| Work to be completed |
From the material below, return every line that includes "Sunny".

-- Input data follows --

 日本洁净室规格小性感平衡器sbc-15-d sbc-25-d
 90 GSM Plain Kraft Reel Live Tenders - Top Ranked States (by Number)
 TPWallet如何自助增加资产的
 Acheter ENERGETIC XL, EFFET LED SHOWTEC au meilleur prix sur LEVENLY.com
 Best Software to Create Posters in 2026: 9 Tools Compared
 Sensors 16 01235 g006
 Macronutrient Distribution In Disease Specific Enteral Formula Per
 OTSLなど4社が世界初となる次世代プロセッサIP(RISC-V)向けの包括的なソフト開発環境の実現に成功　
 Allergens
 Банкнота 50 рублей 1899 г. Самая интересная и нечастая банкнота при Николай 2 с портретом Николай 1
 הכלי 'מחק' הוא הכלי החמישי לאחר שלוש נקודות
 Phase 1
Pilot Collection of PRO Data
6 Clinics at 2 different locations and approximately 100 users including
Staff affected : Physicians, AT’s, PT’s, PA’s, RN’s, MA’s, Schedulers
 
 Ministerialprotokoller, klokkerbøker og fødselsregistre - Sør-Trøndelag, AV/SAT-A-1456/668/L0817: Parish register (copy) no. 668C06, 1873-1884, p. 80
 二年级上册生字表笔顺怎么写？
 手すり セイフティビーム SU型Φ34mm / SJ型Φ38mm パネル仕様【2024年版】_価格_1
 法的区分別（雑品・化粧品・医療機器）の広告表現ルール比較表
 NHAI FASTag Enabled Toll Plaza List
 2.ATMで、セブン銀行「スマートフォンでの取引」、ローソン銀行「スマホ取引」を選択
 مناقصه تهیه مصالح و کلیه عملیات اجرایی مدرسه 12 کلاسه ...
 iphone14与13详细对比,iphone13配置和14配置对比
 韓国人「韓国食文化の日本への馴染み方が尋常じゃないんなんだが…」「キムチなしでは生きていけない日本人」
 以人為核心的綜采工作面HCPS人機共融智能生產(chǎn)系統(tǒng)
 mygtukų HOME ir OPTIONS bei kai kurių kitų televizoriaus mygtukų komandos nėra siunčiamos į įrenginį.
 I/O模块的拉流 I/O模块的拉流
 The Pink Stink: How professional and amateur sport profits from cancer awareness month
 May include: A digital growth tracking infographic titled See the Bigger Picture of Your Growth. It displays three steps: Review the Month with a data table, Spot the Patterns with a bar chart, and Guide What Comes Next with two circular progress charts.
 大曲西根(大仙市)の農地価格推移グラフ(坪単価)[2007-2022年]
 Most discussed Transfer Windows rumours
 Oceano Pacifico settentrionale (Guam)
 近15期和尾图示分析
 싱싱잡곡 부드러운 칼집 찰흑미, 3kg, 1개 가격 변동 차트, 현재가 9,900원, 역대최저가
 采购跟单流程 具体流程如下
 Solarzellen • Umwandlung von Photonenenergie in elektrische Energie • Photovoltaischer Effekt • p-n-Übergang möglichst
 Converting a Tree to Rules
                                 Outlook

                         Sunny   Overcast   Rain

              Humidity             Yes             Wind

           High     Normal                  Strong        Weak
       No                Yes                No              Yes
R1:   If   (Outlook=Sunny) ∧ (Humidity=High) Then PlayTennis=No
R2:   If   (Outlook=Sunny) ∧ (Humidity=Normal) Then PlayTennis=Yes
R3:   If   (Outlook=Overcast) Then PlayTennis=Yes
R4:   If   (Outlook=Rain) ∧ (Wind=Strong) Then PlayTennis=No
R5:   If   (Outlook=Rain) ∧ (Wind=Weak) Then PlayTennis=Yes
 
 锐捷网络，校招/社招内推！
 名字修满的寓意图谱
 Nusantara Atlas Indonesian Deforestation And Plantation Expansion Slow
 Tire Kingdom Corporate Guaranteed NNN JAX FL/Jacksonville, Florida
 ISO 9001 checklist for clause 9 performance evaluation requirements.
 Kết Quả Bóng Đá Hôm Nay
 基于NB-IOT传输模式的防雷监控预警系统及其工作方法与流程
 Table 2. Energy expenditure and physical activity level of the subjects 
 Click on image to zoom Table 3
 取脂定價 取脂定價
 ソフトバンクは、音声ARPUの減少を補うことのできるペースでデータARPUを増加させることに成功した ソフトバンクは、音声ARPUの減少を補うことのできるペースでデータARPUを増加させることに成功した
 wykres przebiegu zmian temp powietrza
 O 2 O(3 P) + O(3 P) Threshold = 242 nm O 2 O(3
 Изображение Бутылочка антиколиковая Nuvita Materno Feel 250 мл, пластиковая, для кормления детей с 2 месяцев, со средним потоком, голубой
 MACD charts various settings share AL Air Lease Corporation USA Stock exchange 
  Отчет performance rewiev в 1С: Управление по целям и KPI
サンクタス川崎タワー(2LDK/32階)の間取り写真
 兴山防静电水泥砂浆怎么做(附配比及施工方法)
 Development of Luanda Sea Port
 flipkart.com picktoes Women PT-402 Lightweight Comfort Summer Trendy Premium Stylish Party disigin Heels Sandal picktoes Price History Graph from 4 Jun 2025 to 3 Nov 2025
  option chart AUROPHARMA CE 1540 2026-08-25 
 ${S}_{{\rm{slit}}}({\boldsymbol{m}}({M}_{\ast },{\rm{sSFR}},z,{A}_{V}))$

-- Input data concluded --

| Problem solution |
                         Sunny   Overcast   Rain
R1:   If   (Outlook=Sunny) ∧ (Humidity=High) Then PlayTennis=No
R2:   If   (Outlook=Sunny) ∧ (Humidity=Normal) Then PlayTennis=Yes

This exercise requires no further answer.